Step 1: From the client system generate your dsa keys
  • ssh-keygen -t dsa (no passphrase)
Step 2: Let the server give you authorization for your key authentication
  • copy your local public key into the server's "authorized_keys" file, in you homedir's .ssh directory
Step 3: Make sure your client is using the newly generated key (if you accepted the default key filename (id_dsa) this shouldn't be necessary)
  • ssh -i my_private_key_file me@myhost, or...
  • add this to your ~/.ssh/config file:
  • "Host mysshservername" and "IdentityFile my_key_filename"
That's it!

Who am I?

The linux kernel has a wonderful piece of magic called the virtual proc filesystem.

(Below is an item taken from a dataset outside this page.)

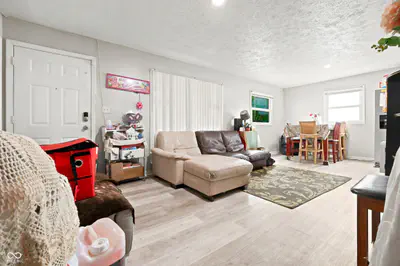 2048 Goodlet Avenue, Indianapolis - 3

It is basically a directory on which the kernel dumps a bunch of low level system details.

It is also an interface for the applications to request special actions be taken by the kernel (these are called sysctl calls). For instance, enabling a running kernel to activate network routing between two network interfaces can be controlled by the file /proc/sys/net/ipv4/ip_forward.

I am currently being faced by a challenge. The organization I am working at the moment has a bunch of linux servers in their network. There are lots of variants of the linux kernel, customizations, distributions, let alone the speed at which they get updated by many different sysops, it is virtually impossible to keep track of what is running on each of those systems.

I am in the process of writing a tool which based on the /proc filesystem will collect as much data as possible from the system to come up with a report.

The linux kernel has an excellent document about the proc filesystem (Documents/filesystems/proc.txt). I can't seem to find the latest version online, it seems it is not being maintained any longer.

The lspci is also another valuable tool which combined with the -vv flag emits just everything that the PCI devices have to say from their eproms.